## [Task objective]
Would you copy only the lines below, from the one containing "Şekilli Supershape Gold" through the very last one, leaving the pictures out?

## [Data extract]

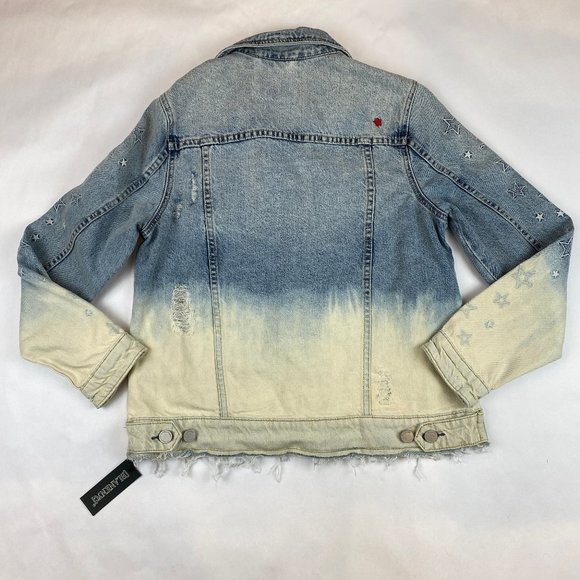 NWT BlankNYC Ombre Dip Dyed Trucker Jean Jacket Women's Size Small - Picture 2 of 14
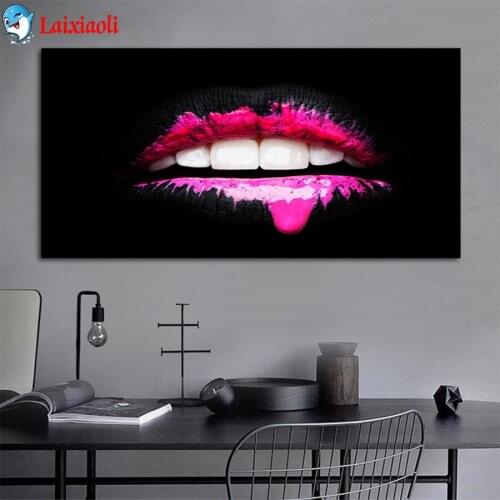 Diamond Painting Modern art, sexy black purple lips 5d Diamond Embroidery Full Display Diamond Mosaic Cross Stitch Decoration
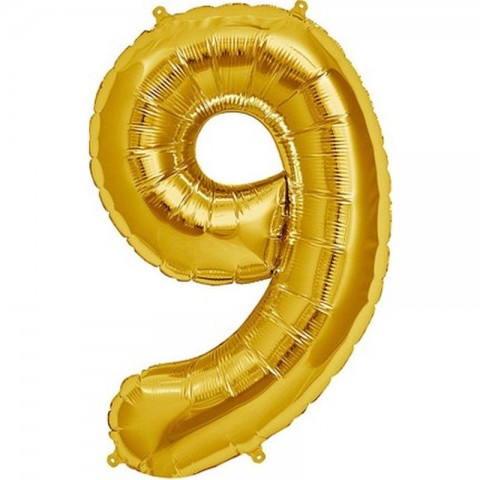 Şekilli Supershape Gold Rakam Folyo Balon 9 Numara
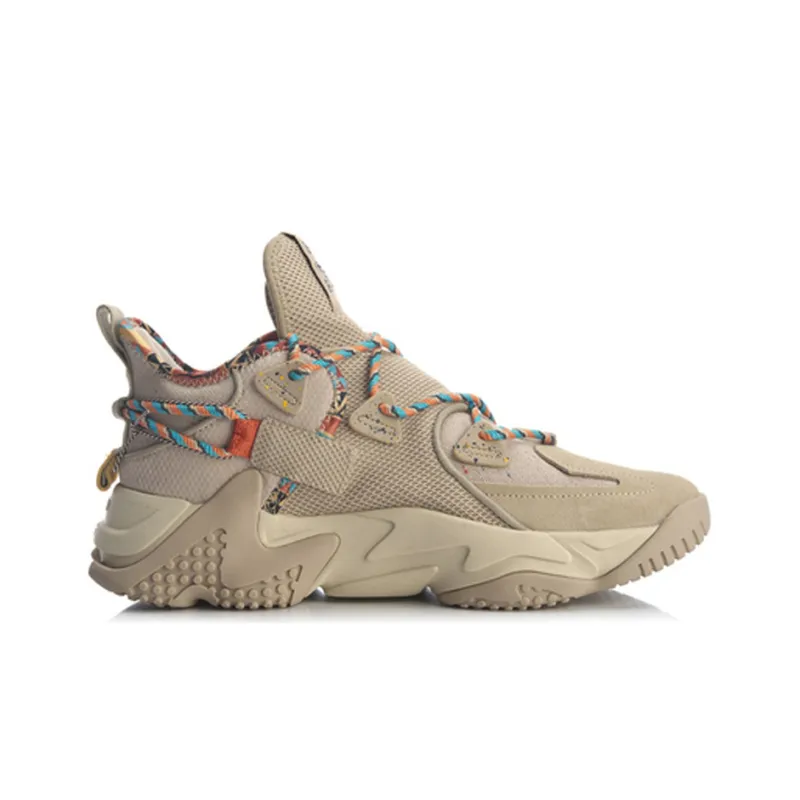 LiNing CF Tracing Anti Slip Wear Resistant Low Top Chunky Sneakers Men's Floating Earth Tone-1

## [Answer section]
 Şekilli Supershape Gold Rakam Folyo Balon 9 Numara
 LiNing CF Tracing Anti Slip Wear Resistant Low Top Chunky Sneakers Men's Floating Earth Tone-1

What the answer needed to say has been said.